# Nothing fancy



## robert flynt (Nov 18, 2016)

One has water buffalo handle with white liners and the other dyed camel bone and red liners. One blade is S30v and the other is ATS34. The one with the camel bone handle, I have not made the final grinds to complete it.

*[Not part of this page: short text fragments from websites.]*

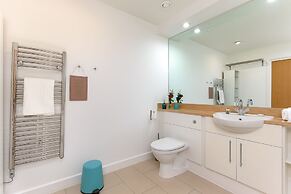 Bright Comfy 2 bed in trendy Dalston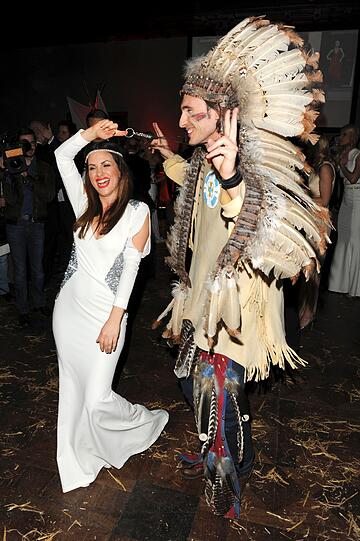 Viktoria Lauterbach mit tanzt Häuptling Patrick. Promis feiern die DressWestern Party zum Opening des Dresscoded Pop Up Store im Ingolstadt Village im Rilano No. 6 in München. Die Bilder.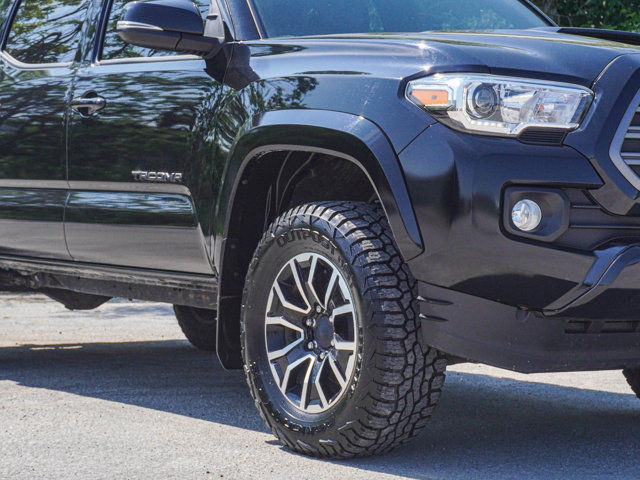 2021 Toyota Tacoma Nightshade- Sunroof - Heated Seats - Manual in Cars & Trucks in Barrie - Image 4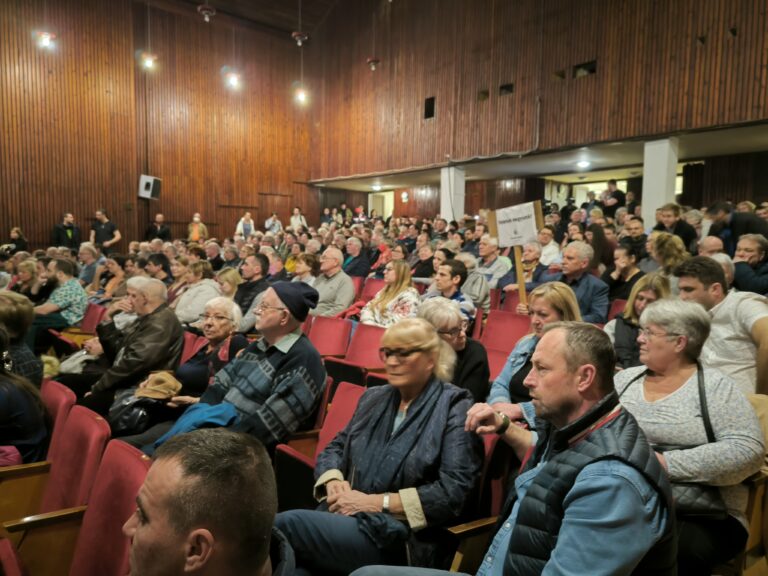 Elképesztő összefogás az akkubontó ellen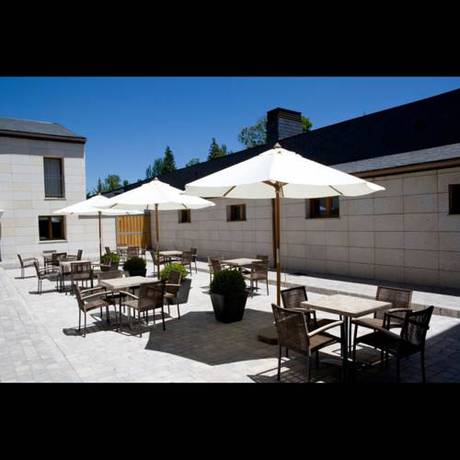 Imagen de los exteriores del Hotel Parador De Puebla De Sanabria. Foto 9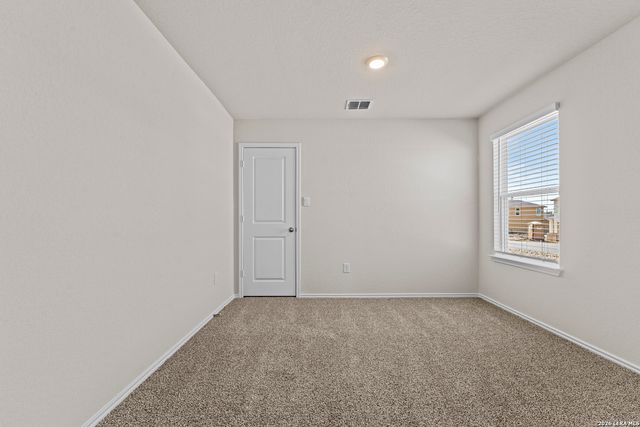 162 Double L Dr, Comfort, TX 78013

Reactions: EyeCandy! 1 | Way Cool 8


----------



## Bigdrowdy1 (Nov 18, 2016)

I really like the water buffalo. Both knifes are awesome Robert.
PM coming your way

Reactions: Thank You! 1


----------



## DKMD (Nov 19, 2016)

They're both beautiful knives... I'm kinda partial to the camel bone.

Reactions: Thank You! 1


----------



## Schroedc (Nov 19, 2016)

Man are those sharp looking knives!

Reactions: Thank You! 1 | Agree 1


----------



## Wildthings (Nov 19, 2016)

Nothing fancy he says huummph!

Reactions: Like 1


----------



## NYWoodturner (Nov 20, 2016)

Very nice Robert. Perfect timing for hunting season! I like the colors in that camel bone.

Reactions: Thank You! 1


----------



## dbroswoods (Nov 20, 2016)

Very nice I like them both!!!

Mark

Reactions: Thank You! 1


----------



## Jack "Pappy" Lewis (Nov 21, 2016)

Man I would hate to see you do something fancy!

Reactions: Thank You! 1 | Agree 1


----------